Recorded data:
>>>
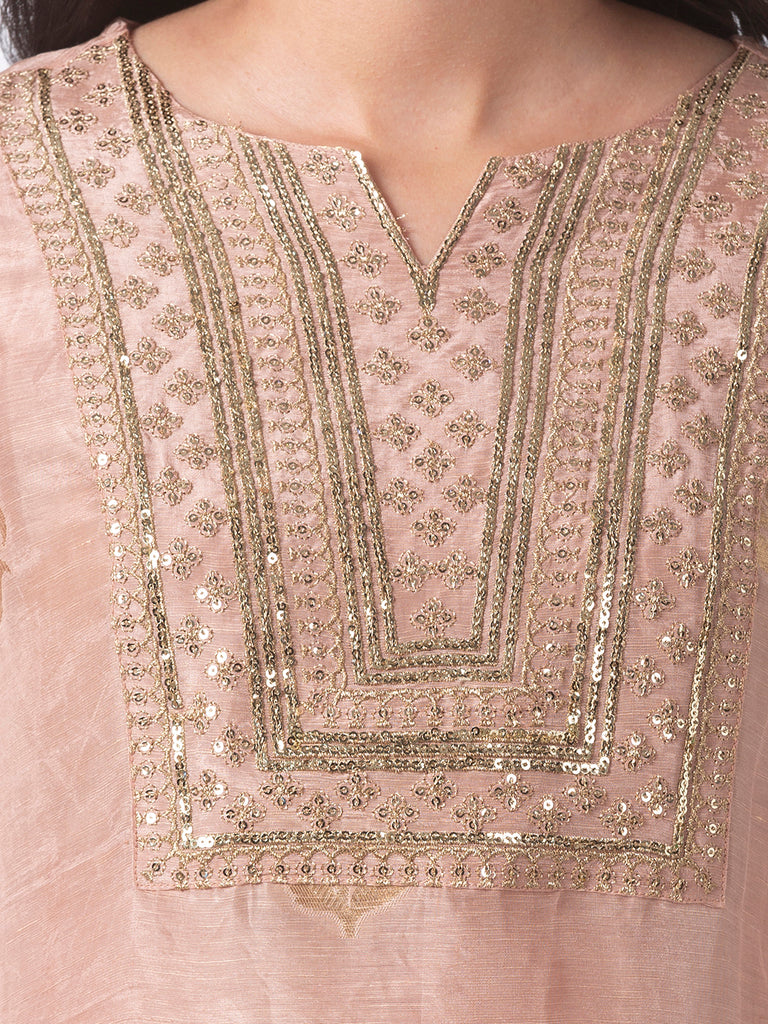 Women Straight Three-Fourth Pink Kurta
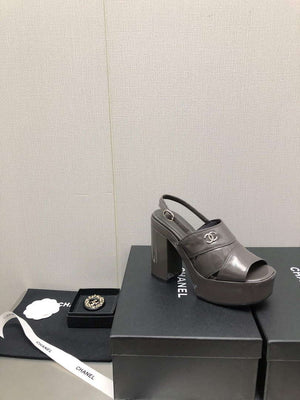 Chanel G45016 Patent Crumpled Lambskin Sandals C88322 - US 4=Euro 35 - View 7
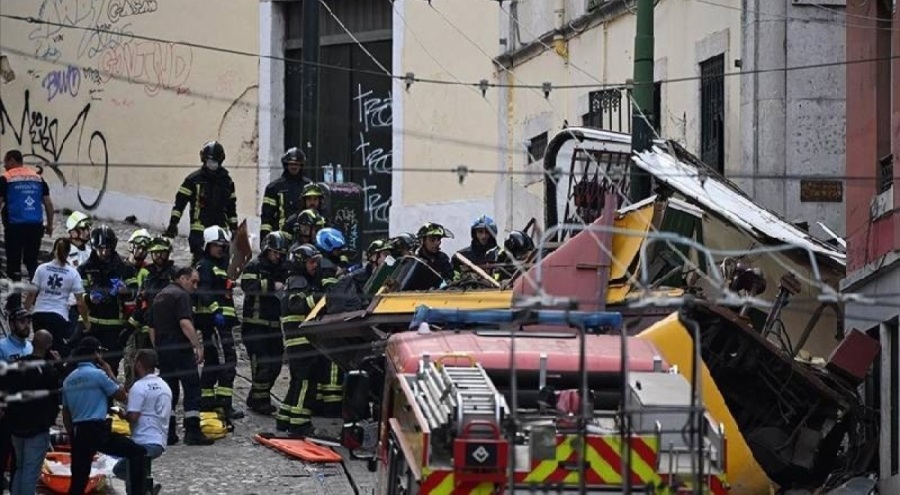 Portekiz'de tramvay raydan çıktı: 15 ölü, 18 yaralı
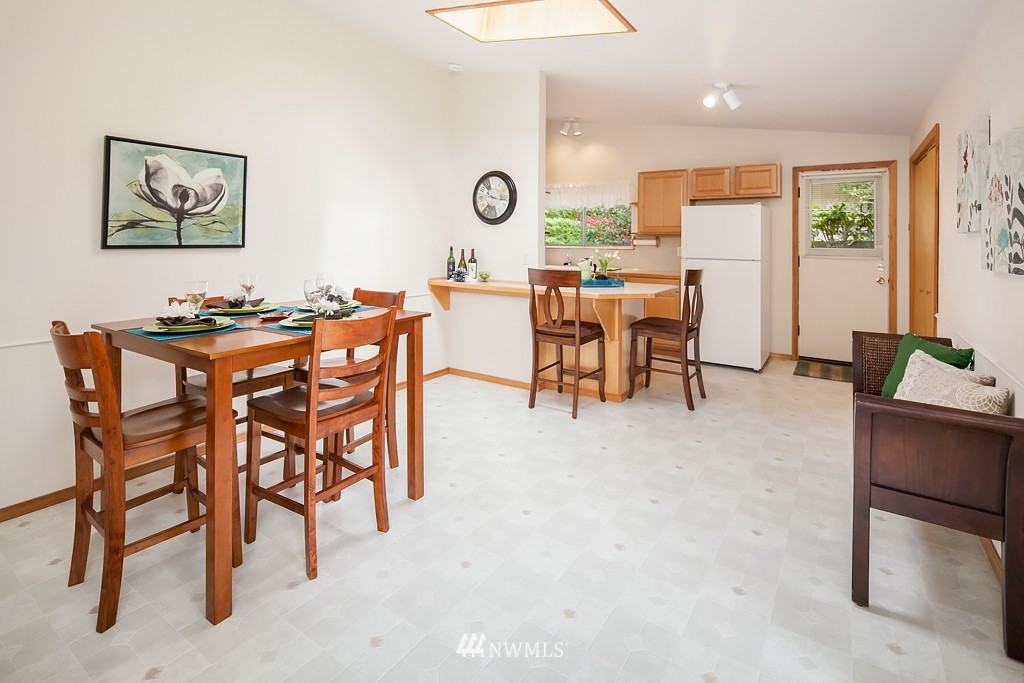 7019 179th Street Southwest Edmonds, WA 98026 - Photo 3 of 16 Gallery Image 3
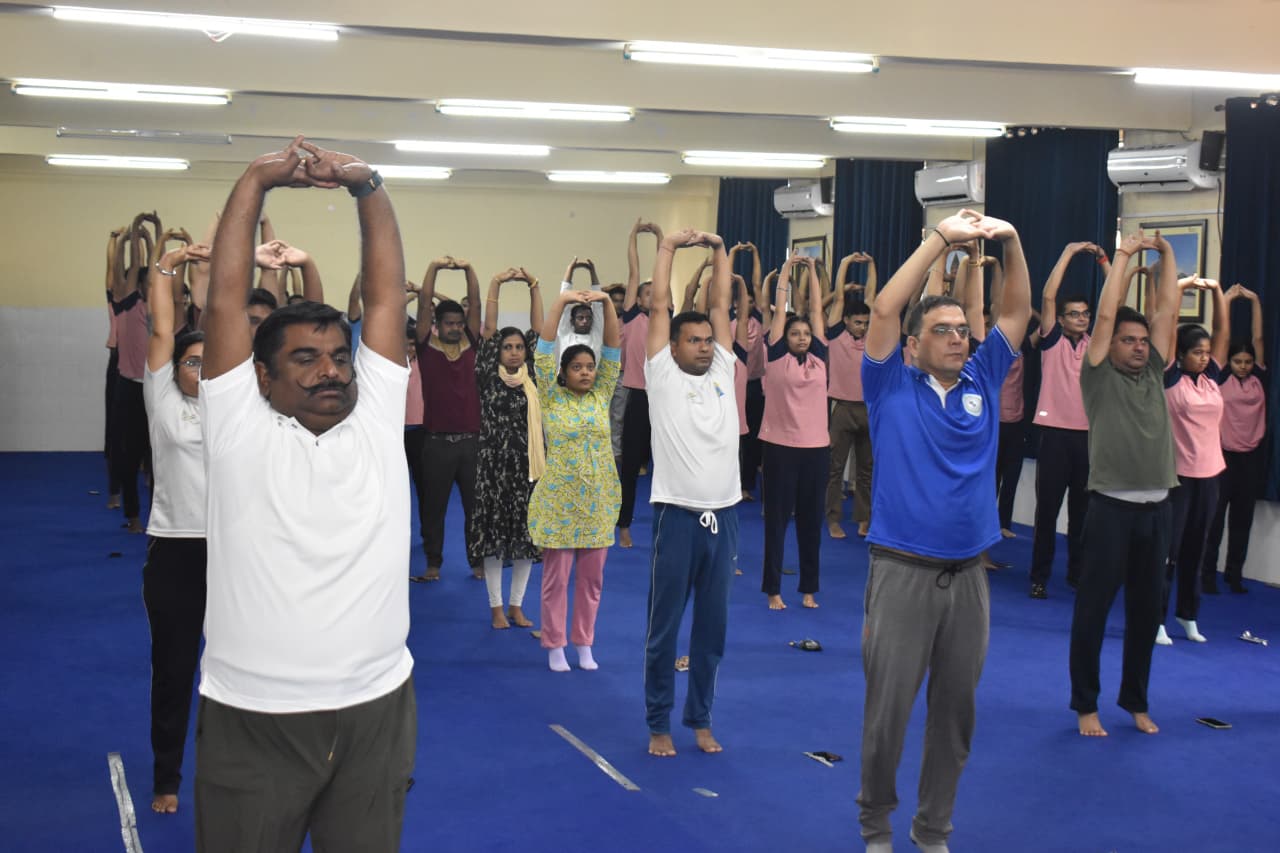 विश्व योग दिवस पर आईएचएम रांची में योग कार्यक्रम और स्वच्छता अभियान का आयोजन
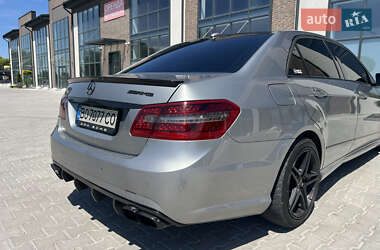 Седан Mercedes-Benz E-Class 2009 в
<<<
Description of the task
Pictures stay out; the data above is to be returned exactly.

Response for this exercise
 Women Straight Three-Fourth Pink Kurta
 Chanel G45016 Patent Crumpled Lambskin Sandals C88322 - US 4=Euro 35 - View 7
 Portekiz'de tramvay raydan çıktı: 15 ölü, 18 yaralı
 7019 179th Street Southwest Edmonds, WA 98026 - Photo 3 of 16 Gallery Image 3
 विश्व योग दिवस पर आईएचएम रांची में योग कार्यक्रम और स्वच्छता अभियान का आयोजन
 Седан Mercedes-Benz E-Class 2009 в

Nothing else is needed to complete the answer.